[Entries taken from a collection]

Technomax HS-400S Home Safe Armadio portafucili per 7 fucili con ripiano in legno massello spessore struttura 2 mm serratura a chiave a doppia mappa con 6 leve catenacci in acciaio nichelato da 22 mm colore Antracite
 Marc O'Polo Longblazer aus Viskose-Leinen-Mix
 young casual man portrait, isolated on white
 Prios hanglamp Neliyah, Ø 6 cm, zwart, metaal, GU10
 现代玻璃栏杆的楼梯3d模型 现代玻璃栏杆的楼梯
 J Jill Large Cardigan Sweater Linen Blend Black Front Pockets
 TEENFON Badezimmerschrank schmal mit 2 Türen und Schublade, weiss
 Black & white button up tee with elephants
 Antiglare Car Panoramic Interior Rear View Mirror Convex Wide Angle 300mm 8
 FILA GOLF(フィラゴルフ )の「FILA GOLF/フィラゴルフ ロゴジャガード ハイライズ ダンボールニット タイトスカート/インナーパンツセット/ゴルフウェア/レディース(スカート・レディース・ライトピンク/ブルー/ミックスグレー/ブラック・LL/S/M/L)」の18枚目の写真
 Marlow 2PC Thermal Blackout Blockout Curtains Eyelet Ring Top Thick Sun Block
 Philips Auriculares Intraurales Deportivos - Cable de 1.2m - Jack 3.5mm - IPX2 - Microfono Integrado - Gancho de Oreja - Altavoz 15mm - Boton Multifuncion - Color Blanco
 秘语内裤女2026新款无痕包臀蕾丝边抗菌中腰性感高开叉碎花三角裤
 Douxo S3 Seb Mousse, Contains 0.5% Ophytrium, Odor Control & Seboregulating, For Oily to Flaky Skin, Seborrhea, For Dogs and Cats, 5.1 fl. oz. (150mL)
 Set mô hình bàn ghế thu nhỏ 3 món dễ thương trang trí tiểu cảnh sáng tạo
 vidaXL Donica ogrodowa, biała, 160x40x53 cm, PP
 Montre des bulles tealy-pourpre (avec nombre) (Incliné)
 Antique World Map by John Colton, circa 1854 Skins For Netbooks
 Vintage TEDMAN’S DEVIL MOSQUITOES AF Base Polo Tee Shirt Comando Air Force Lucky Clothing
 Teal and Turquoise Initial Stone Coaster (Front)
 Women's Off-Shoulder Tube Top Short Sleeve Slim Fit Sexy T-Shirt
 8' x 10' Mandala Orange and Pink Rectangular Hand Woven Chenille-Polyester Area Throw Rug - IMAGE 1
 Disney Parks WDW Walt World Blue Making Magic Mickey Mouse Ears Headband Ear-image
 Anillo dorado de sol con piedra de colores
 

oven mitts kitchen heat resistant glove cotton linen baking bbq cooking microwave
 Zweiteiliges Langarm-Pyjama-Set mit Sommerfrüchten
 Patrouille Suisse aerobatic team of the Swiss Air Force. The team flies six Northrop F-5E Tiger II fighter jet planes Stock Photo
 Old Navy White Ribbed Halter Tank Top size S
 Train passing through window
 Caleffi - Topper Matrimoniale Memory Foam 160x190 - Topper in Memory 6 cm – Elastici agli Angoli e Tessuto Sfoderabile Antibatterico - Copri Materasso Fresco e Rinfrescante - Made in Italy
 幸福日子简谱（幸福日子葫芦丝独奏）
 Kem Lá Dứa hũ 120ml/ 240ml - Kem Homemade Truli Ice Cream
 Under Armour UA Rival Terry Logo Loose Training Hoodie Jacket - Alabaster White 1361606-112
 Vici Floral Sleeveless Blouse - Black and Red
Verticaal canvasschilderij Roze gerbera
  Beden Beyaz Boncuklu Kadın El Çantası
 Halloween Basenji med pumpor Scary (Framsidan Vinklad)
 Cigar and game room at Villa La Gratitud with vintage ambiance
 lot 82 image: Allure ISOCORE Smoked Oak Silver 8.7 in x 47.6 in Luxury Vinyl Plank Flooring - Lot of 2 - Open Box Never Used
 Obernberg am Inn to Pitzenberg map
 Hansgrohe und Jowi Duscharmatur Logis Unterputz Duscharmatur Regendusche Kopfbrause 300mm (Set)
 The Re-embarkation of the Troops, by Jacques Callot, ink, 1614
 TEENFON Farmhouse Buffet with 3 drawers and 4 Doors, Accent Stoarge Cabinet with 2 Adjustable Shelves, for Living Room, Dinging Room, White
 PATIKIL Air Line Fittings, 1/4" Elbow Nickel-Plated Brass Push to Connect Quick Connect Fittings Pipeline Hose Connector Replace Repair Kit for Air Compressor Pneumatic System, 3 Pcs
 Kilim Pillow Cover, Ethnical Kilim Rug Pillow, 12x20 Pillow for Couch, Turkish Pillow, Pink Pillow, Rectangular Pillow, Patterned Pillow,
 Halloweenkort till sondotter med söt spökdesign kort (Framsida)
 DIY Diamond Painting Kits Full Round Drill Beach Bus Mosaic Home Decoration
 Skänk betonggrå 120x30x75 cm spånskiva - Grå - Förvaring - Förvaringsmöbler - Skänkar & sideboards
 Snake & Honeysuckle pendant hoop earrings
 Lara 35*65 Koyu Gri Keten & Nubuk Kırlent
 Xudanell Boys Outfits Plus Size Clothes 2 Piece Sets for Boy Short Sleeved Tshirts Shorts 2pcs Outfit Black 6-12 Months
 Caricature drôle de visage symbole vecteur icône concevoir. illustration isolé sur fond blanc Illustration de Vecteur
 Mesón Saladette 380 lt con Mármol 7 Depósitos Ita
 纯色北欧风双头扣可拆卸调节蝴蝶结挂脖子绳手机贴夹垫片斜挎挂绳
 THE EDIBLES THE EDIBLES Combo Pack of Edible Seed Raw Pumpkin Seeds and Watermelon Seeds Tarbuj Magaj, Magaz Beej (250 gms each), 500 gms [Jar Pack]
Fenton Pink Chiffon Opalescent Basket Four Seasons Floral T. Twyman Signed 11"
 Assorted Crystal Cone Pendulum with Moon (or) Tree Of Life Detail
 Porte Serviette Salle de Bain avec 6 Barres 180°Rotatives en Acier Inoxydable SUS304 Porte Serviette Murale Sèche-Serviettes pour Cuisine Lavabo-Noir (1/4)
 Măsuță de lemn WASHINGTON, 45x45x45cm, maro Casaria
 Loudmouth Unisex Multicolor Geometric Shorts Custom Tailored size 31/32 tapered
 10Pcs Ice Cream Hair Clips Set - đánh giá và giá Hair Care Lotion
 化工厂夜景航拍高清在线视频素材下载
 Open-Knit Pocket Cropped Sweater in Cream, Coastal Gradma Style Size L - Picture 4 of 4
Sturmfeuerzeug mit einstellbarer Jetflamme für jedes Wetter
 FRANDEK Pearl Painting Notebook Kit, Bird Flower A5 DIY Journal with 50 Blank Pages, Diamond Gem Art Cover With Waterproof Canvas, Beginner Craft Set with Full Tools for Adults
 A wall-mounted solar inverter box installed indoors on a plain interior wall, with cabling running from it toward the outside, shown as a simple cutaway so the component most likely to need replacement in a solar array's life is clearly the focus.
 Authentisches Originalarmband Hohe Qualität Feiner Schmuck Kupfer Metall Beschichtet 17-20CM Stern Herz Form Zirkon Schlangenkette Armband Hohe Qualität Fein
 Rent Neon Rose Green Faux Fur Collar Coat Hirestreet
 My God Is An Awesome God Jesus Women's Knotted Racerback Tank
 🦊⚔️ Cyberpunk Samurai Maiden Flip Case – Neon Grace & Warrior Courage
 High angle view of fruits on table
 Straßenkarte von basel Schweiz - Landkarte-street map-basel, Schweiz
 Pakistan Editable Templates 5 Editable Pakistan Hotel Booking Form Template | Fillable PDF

## The task:
Please copy out the preceding data in full, exactly as written.

## Result for this task:
Technomax HS-400S Home Safe Armadio portafucili per 7 fucili con ripiano in legno massello spessore struttura 2 mm serratura a chiave a doppia mappa con 6 leve catenacci in acciaio nichelato da 22 mm colore Antracite
 Marc O'Polo Longblazer aus Viskose-Leinen-Mix
 young casual man portrait, isolated on white
 Prios hanglamp Neliyah, Ø 6 cm, zwart, metaal, GU10
 现代玻璃栏杆的楼梯3d模型 现代玻璃栏杆的楼梯
 J Jill Large Cardigan Sweater Linen Blend Black Front Pockets
 TEENFON Badezimmerschrank schmal mit 2 Türen und Schublade, weiss
 Black & white button up tee with elephants
 Antiglare Car Panoramic Interior Rear View Mirror Convex Wide Angle 300mm 8
 FILA GOLF(フィラゴルフ )の「FILA GOLF/フィラゴルフ ロゴジャガード ハイライズ ダンボールニット タイトスカート/インナーパンツセット/ゴルフウェア/レディース(スカート・レディース・ライトピンク/ブルー/ミックスグレー/ブラック・LL/S/M/L)」の18枚目の写真
 Marlow 2PC Thermal Blackout Blockout Curtains Eyelet Ring Top Thick Sun Block
 Philips Auriculares Intraurales Deportivos - Cable de 1.2m - Jack 3.5mm - IPX2 - Microfono Integrado - Gancho de Oreja - Altavoz 15mm - Boton Multifuncion - Color Blanco
 秘语内裤女2026新款无痕包臀蕾丝边抗菌中腰性感高开叉碎花三角裤
 Douxo S3 Seb Mousse, Contains 0.5% Ophytrium, Odor Control & Seboregulating, For Oily to Flaky Skin, Seborrhea, For Dogs and Cats, 5.1 fl. oz. (150mL)
 Set mô hình bàn ghế thu nhỏ 3 món dễ thương trang trí tiểu cảnh sáng tạo
 vidaXL Donica ogrodowa, biała, 160x40x53 cm, PP
 Montre des bulles tealy-pourpre (avec nombre) (Incliné)
 Antique World Map by John Colton, circa 1854 Skins For Netbooks
 Vintage TEDMAN’S DEVIL MOSQUITOES AF Base Polo Tee Shirt Comando Air Force Lucky Clothing
 Teal and Turquoise Initial Stone Coaster (Front)
 Women's Off-Shoulder Tube Top Short Sleeve Slim Fit Sexy T-Shirt
 8' x 10' Mandala Orange and Pink Rectangular Hand Woven Chenille-Polyester Area Throw Rug - IMAGE 1
 Disney Parks WDW Walt World Blue Making Magic Mickey Mouse Ears Headband Ear-image
 Anillo dorado de sol con piedra de colores
 

oven mitts kitchen heat resistant glove cotton linen baking bbq cooking microwave
 Zweiteiliges Langarm-Pyjama-Set mit Sommerfrüchten
 Patrouille Suisse aerobatic team of the Swiss Air Force. The team flies six Northrop F-5E Tiger II fighter jet planes Stock Photo
 Old Navy White Ribbed Halter Tank Top size S
 Train passing through window
 Caleffi - Topper Matrimoniale Memory Foam 160x190 - Topper in Memory 6 cm – Elastici agli Angoli e Tessuto Sfoderabile Antibatterico - Copri Materasso Fresco e Rinfrescante - Made in Italy
 幸福日子简谱（幸福日子葫芦丝独奏）
 Kem Lá Dứa hũ 120ml/ 240ml - Kem Homemade Truli Ice Cream
 Under Armour UA Rival Terry Logo Loose Training Hoodie Jacket - Alabaster White 1361606-112
 Vici Floral Sleeveless Blouse - Black and Red
Verticaal canvasschilderij Roze gerbera
  Beden Beyaz Boncuklu Kadın El Çantası
 Halloween Basenji med pumpor Scary (Framsidan Vinklad)
 Cigar and game room at Villa La Gratitud with vintage ambiance
 lot 82 image: Allure ISOCORE Smoked Oak Silver 8.7 in x 47.6 in Luxury Vinyl Plank Flooring - Lot of 2 - Open Box Never Used
 Obernberg am Inn to Pitzenberg map
 Hansgrohe und Jowi Duscharmatur Logis Unterputz Duscharmatur Regendusche Kopfbrause 300mm (Set)
 The Re-embarkation of the Troops, by Jacques Callot, ink, 1614
 TEENFON Farmhouse Buffet with 3 drawers and 4 Doors, Accent Stoarge Cabinet with 2 Adjustable Shelves, for Living Room, Dinging Room, White
 PATIKIL Air Line Fittings, 1/4" Elbow Nickel-Plated Brass Push to Connect Quick Connect Fittings Pipeline Hose Connector Replace Repair Kit for Air Compressor Pneumatic System, 3 Pcs
 Kilim Pillow Cover, Ethnical Kilim Rug Pillow, 12x20 Pillow for Couch, Turkish Pillow, Pink Pillow, Rectangular Pillow, Patterned Pillow,
 Halloweenkort till sondotter med söt spökdesign kort (Framsida)
 DIY Diamond Painting Kits Full Round Drill Beach Bus Mosaic Home Decoration
 Skänk betonggrå 120x30x75 cm spånskiva - Grå - Förvaring - Förvaringsmöbler - Skänkar & sideboards
 Snake & Honeysuckle pendant hoop earrings
 Lara 35*65 Koyu Gri Keten & Nubuk Kırlent
 Xudanell Boys Outfits Plus Size Clothes 2 Piece Sets for Boy Short Sleeved Tshirts Shorts 2pcs Outfit Black 6-12 Months
 Caricature drôle de visage symbole vecteur icône concevoir. illustration isolé sur fond blanc Illustration de Vecteur
 Mesón Saladette 380 lt con Mármol 7 Depósitos Ita
 纯色北欧风双头扣可拆卸调节蝴蝶结挂脖子绳手机贴夹垫片斜挎挂绳
 THE EDIBLES THE EDIBLES Combo Pack of Edible Seed Raw Pumpkin Seeds and Watermelon Seeds Tarbuj Magaj, Magaz Beej (250 gms each), 500 gms [Jar Pack]
Fenton Pink Chiffon Opalescent Basket Four Seasons Floral T. Twyman Signed 11"
 Assorted Crystal Cone Pendulum with Moon (or) Tree Of Life Detail
 Porte Serviette Salle de Bain avec 6 Barres 180°Rotatives en Acier Inoxydable SUS304 Porte Serviette Murale Sèche-Serviettes pour Cuisine Lavabo-Noir (1/4)
 Măsuță de lemn WASHINGTON, 45x45x45cm, maro Casaria
 Loudmouth Unisex Multicolor Geometric Shorts Custom Tailored size 31/32 tapered
 10Pcs Ice Cream Hair Clips Set - đánh giá và giá Hair Care Lotion
 化工厂夜景航拍高清在线视频素材下载
 Open-Knit Pocket Cropped Sweater in Cream, Coastal Gradma Style Size L - Picture 4 of 4
Sturmfeuerzeug mit einstellbarer Jetflamme für jedes Wetter
 FRANDEK Pearl Painting Notebook Kit, Bird Flower A5 DIY Journal with 50 Blank Pages, Diamond Gem Art Cover With Waterproof Canvas, Beginner Craft Set with Full Tools for Adults
 A wall-mounted solar inverter box installed indoors on a plain interior wall, with cabling running from it toward the outside, shown as a simple cutaway so the component most likely to need replacement in a solar array's life is clearly the focus.
 Authentisches Originalarmband Hohe Qualität Feiner Schmuck Kupfer Metall Beschichtet 17-20CM Stern Herz Form Zirkon Schlangenkette Armband Hohe Qualität Fein
 Rent Neon Rose Green Faux Fur Collar Coat Hirestreet
 My God Is An Awesome God Jesus Women's Knotted Racerback Tank
 🦊⚔️ Cyberpunk Samurai Maiden Flip Case – Neon Grace & Warrior Courage
 High angle view of fruits on table
 Straßenkarte von basel Schweiz - Landkarte-street map-basel, Schweiz
 Pakistan Editable Templates 5 Editable Pakistan Hotel Booking Form Template | Fillable PDF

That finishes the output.